Exercise materials: Begin

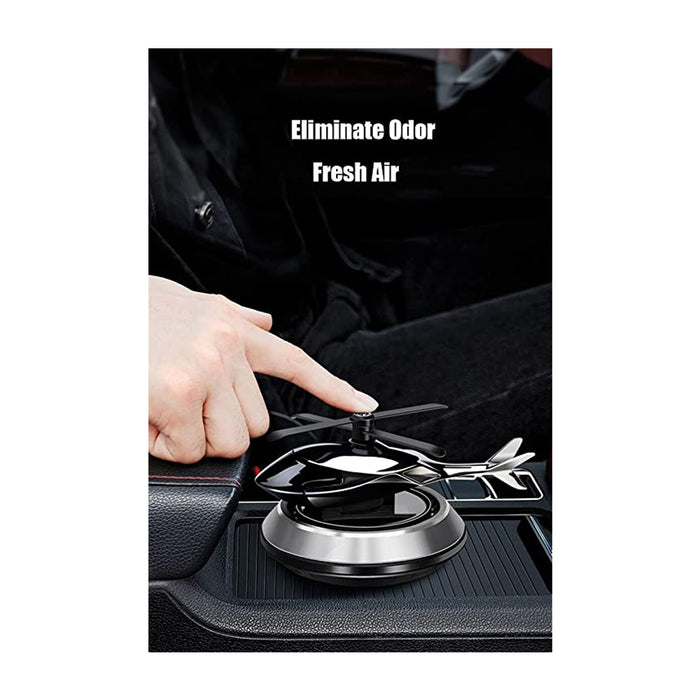 Helicopter alloy Solar Car Air Perfume Diffuser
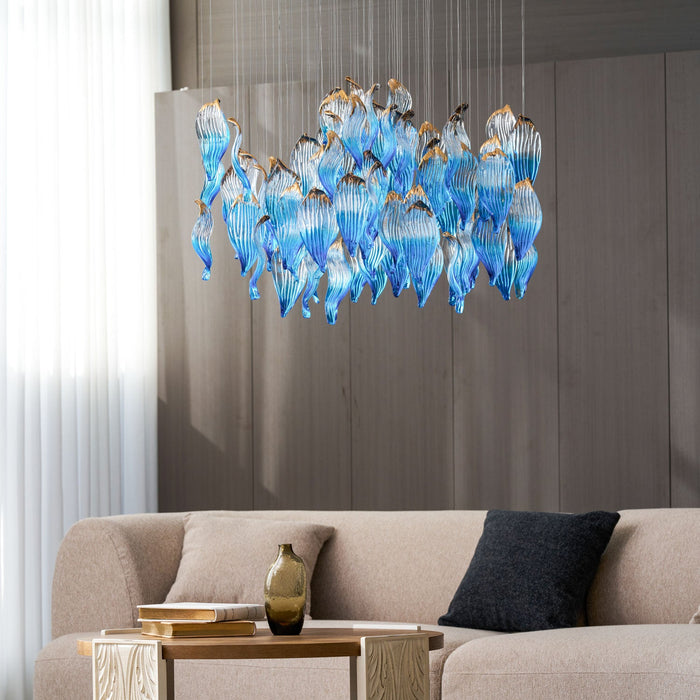 Ocean Drift Blown Glass Customize Chandelier - Vakkerlight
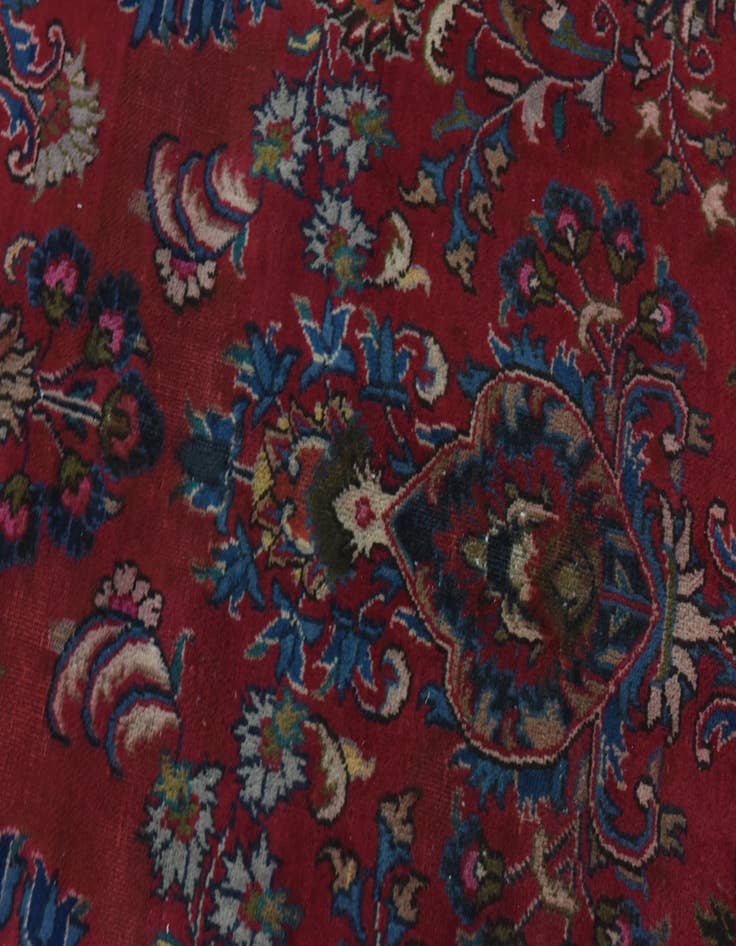 Detail image of 9' 3 x 12' 9  Hand Knotted Mashad Persian Wool Rug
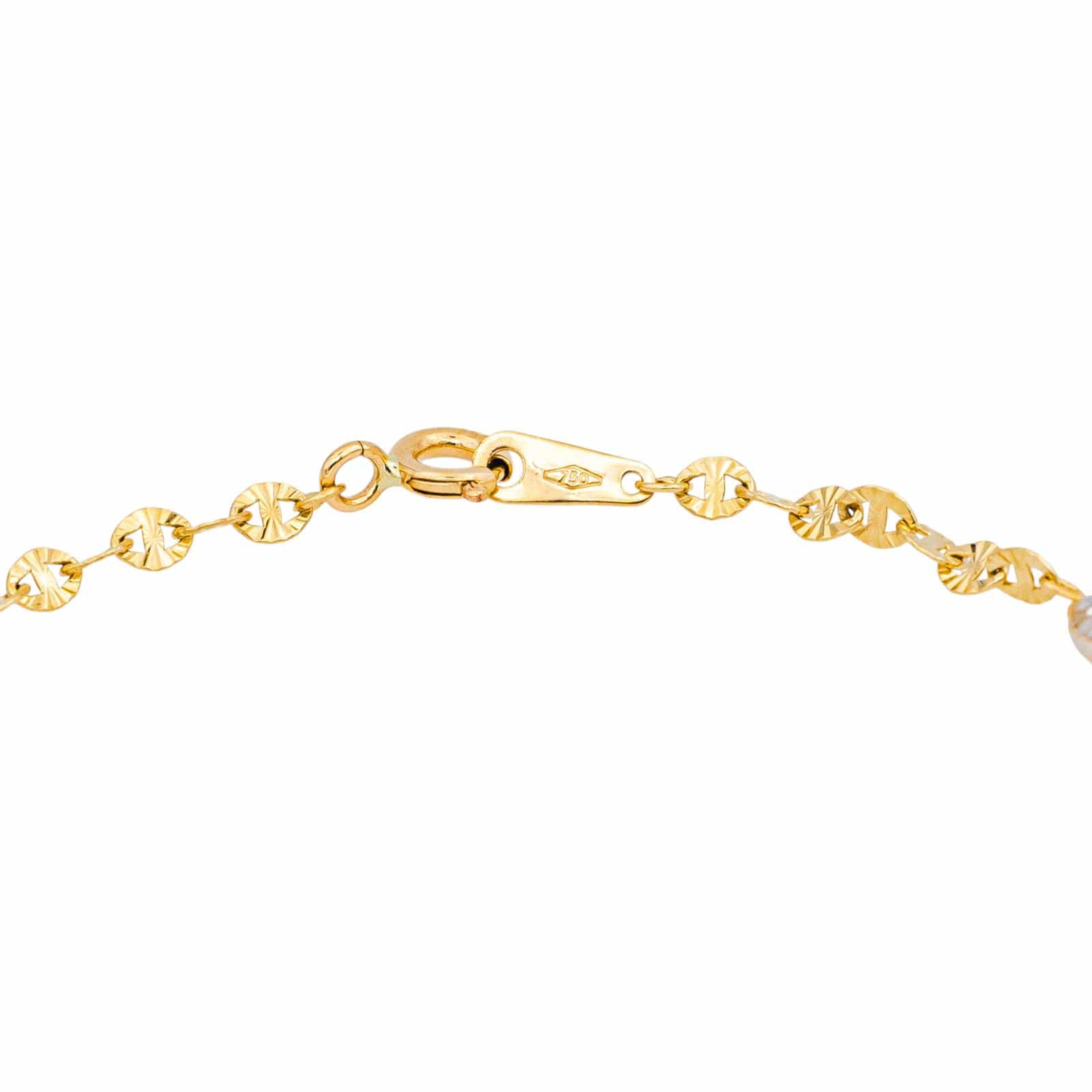 Yellow gold, White gold bracelet  - Image 3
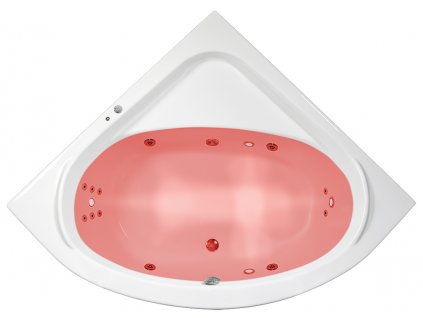 ARTTEC GAIA 2 SURF + CHROMO 140 x 140 hydromasážní akrylátová vana Vlastní výroba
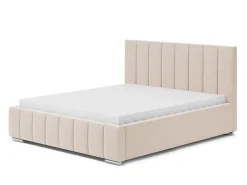 Łóżko tapicerowane Brest 180x200 beżowe tkanina boucle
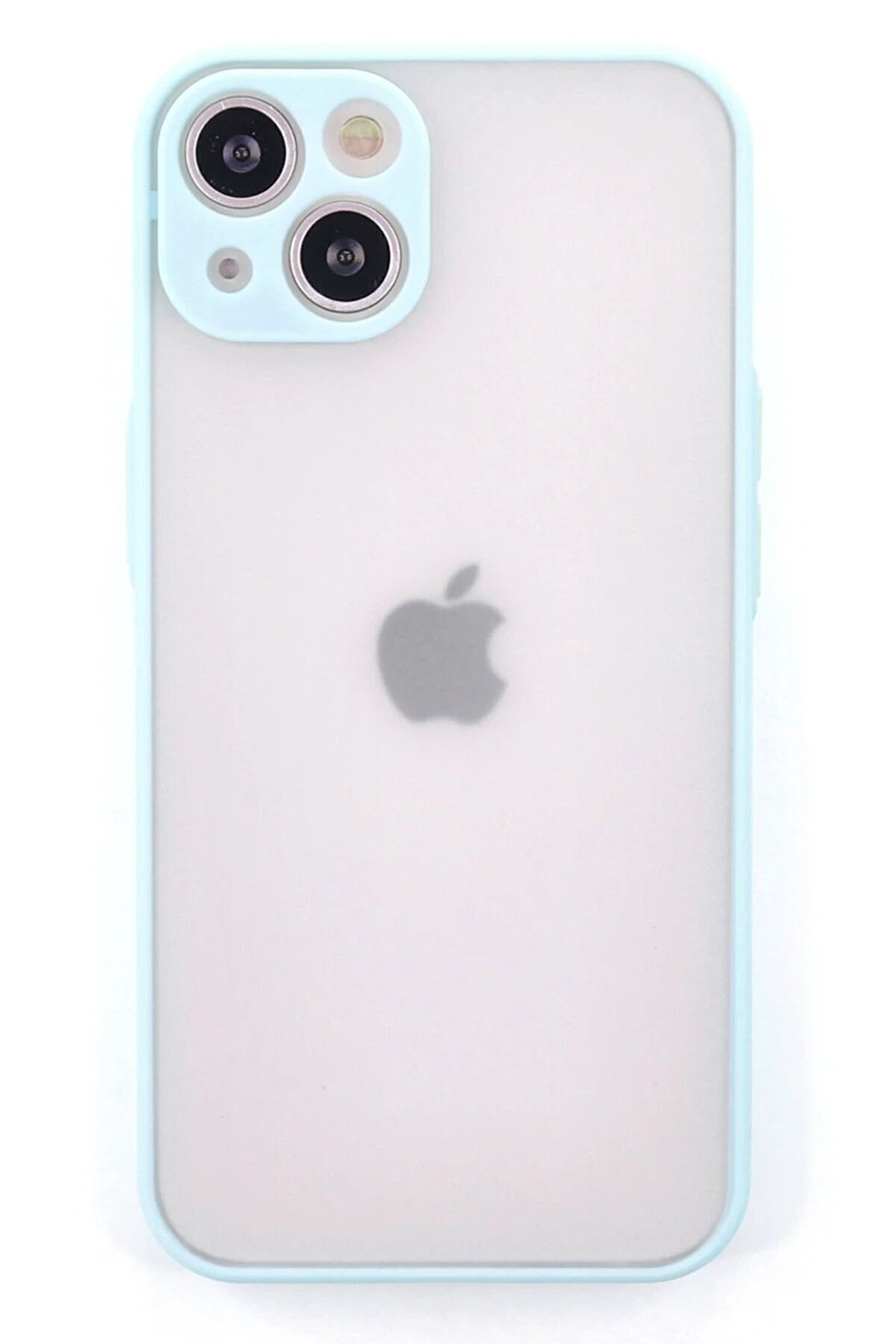 CepteToptan iPhone 15 Plus Kılıf Montreal Silikon Kapak - Turkuaz - DROPX5587-1235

Exercise materials: End

• _Required action_: Copy each line of the records above without change, but do not include any picture.

• _Response below_:
 Helicopter alloy Solar Car Air Perfume Diffuser
 Ocean Drift Blown Glass Customize Chandelier - Vakkerlight
 Detail image of 9' 3 x 12' 9  Hand Knotted Mashad Persian Wool Rug
 Yellow gold, White gold bracelet  - Image 3
 ARTTEC GAIA 2 SURF + CHROMO 140 x 140 hydromasážní akrylátová vana Vlastní výroba
 Łóżko tapicerowane Brest 180x200 beżowe tkanina boucle
 CepteToptan iPhone 15 Plus Kılıf Montreal Silikon Kapak - Turkuaz - DROPX5587-1235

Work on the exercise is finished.